In Boucher's legislation, "journalism" is described as "gathering, preparing, collecting, photographing, recording, writing, editing, reporting or publishing of news or information that concerns local, national or international events or other matters of public interest for dissemination to the public." So a journalist is someone doing any of those tasks "for a substantial portion of the person's livelihood or for substantial financial gain."

Boucher told NationalJournal.com that some bloggers will meet that threshold, since they earn money from advertisements or subscriptions. Still, many will not. The arrest of video blogger Josh Wolf, who was sent to jail in 2006 for refusing to hand over footage from a protest to police, raised awareness about the need to define who exactly is protected by shield laws. He probably would not qualify for protection under the proposed law, according to Ardia.

That's because Boucher said he wrote the definition to serve a narrow purpose: "A person should not be able to avail himself from the privilege to refrain from testifying simply by declaring themselves to be a blogger."

Goodlatte added in a statement that, "A lot of time and effort were spent on the question of who should be provided protection under the Free Flow of Information Act. While the limits to the definition of a journalist are not perfect, they do serve an important function and represents a good faith effort to prevent a nefarious person from, say, setting up a blog for the purpose of leaking sensitive information in order to get the protections of the bill."

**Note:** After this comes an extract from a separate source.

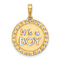 14k Two-tone Gold Brushed and Diamond-cut It's A Boy Pendant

Neither the Newspaper Association of America nor the Society of Professional Journalists appear totally satisfied with the bill's language, but Ardia and other supporters of greater protections for journalists agree it's better than nothing. After all, every journalist today receives zero protection if subpoenaed in federal court or if located in a state without a shield law.

The Newspaper Association of America has led a coalition of groups pushing for the new federal law. John Sturm, the group's president, said its purpose is "first and foremost" to "continue the free flow of information to the public that may come from confidential sources and to protect those sources from disclosure and from those journalists for having to go to jail in federal cases." Sturm said that "if the definition is not absolutely perfect, then the courts' job could be to interpret that in the future."

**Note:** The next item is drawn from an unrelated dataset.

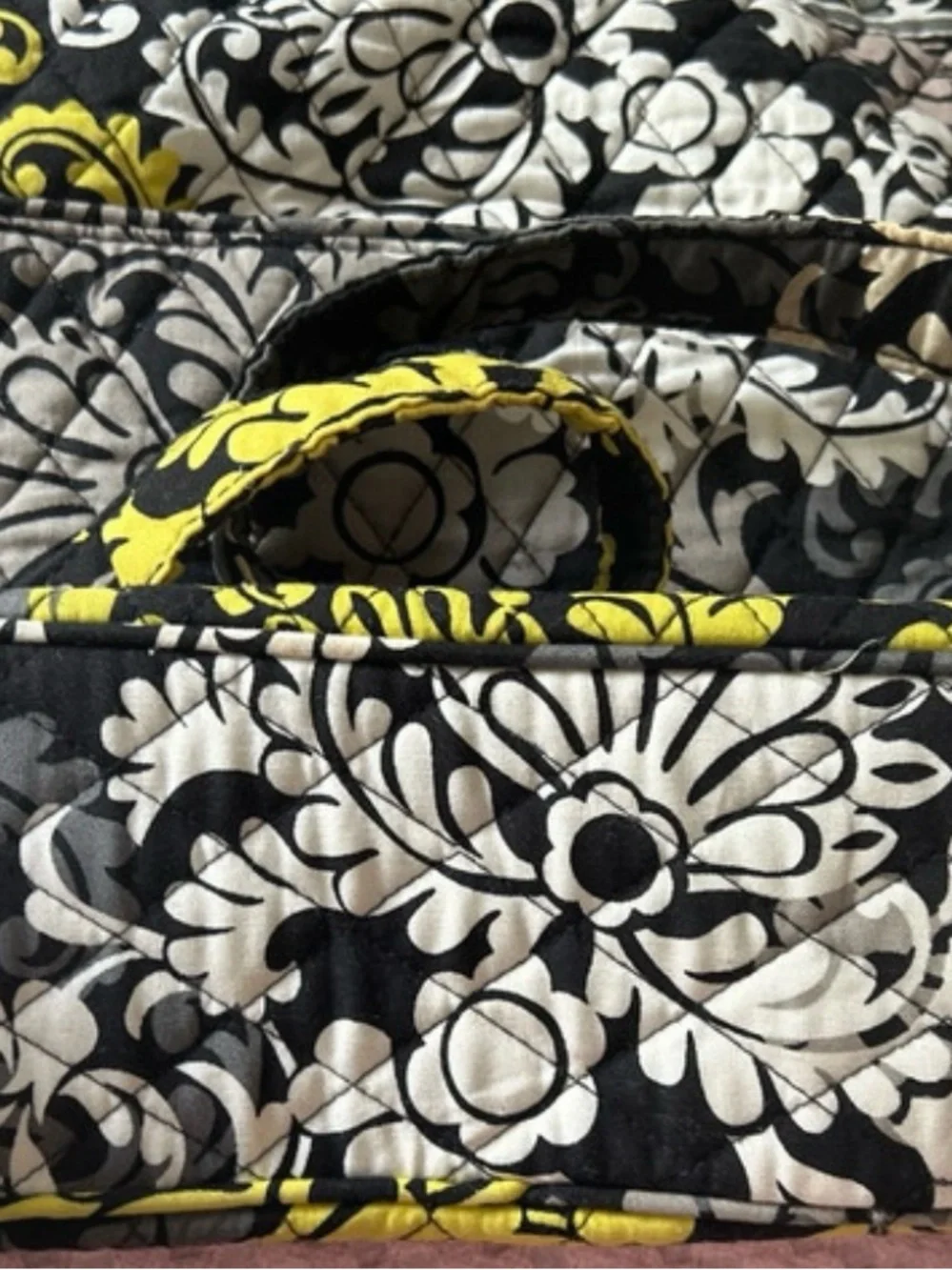 Vera Bradley Quilted Crossbody Tote in Black, Yellow & Gray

Edwin Baker, a professor at the University of Pennsylvania Law School, said in an e-mail that he too favors a broader definition of a journalist. If courts eventually take up this question, Baker said, lower courts have offered answers in various contexts. But the Supreme Court has tried to avoid defining the press.

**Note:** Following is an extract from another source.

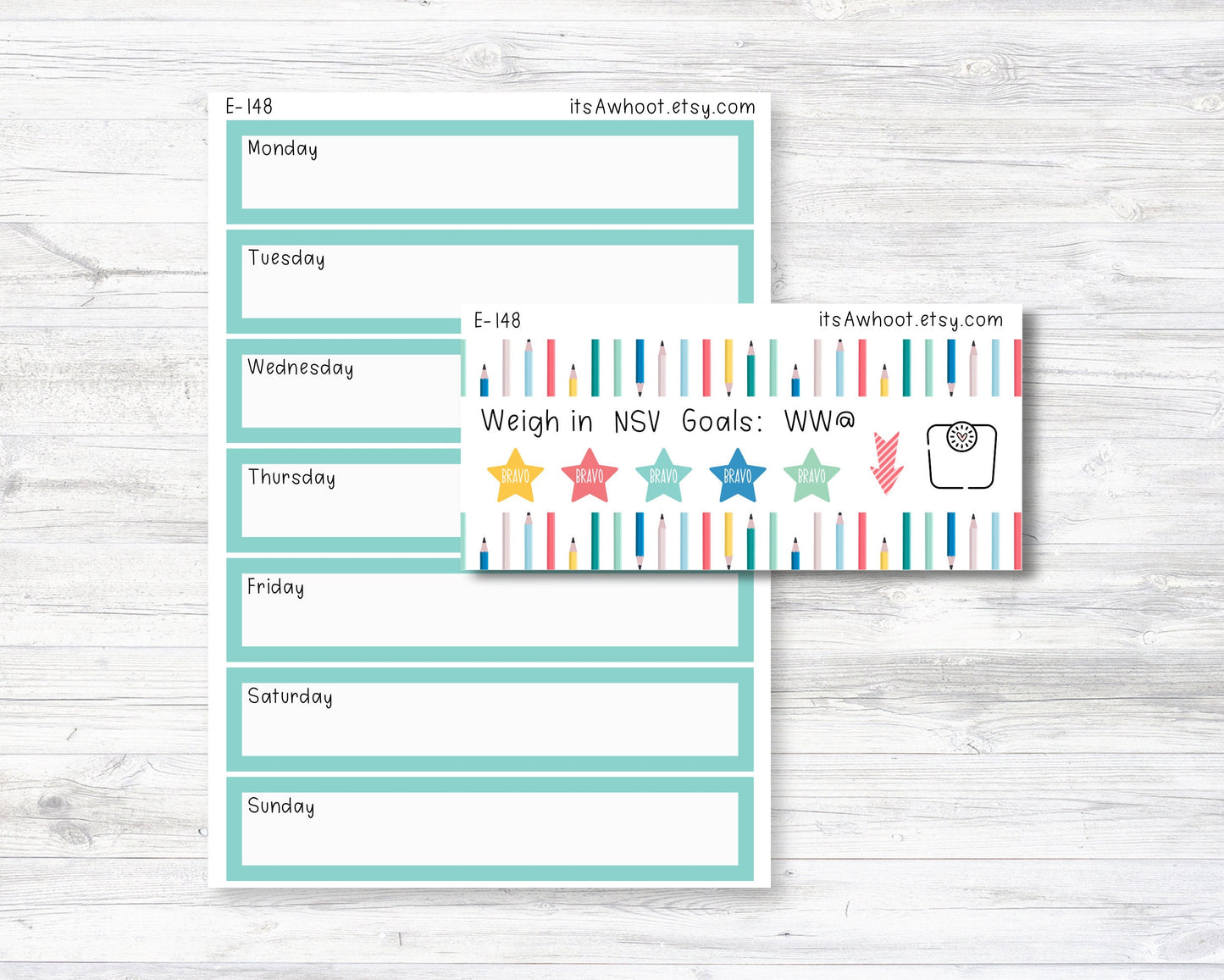 September Kit, Back to School, Weight Loss Planner Stickers (B147-September3)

California media lawyer Karl Olson, who also pens a blog on the First Amendment, said the "Supreme Court really hasn't squarely confronted the issue since Branzburg." In the 1972 case of Branzburg v. Hayes, the court concluded that the First Amendment does not "relieve a newspaper reporter of the obligation that all citizens have to respond to a grand jury subpoena." Under the federal legislation, Olson would not receive protection if he used a confidential source in one of his blog entries and was taken to court. He advocates the broadest protection possible with an emphasis on the medium and not the financial gain earned through that medium.

David Aeikens, president of the Society of Professional Journalists, said his group has been advocating for the legislation and has a number of First Amendment lawyers in Washington "that aren't registered lobbyists that stay in touch with Congress and stay on top of the Hill and make sure they have the right information."

Aeikens said it is important that journalists have protection in federal court right now but acknowledged the difficulty in defining the practice. "Our preference is to have a broad definition of journalists," he said. "We are afraid that if you have too narrow of a definition or if you have a definition it is the first step to have the government defining what a journalist is. The next step would be the licensing of journalists, and we would be opposed to that."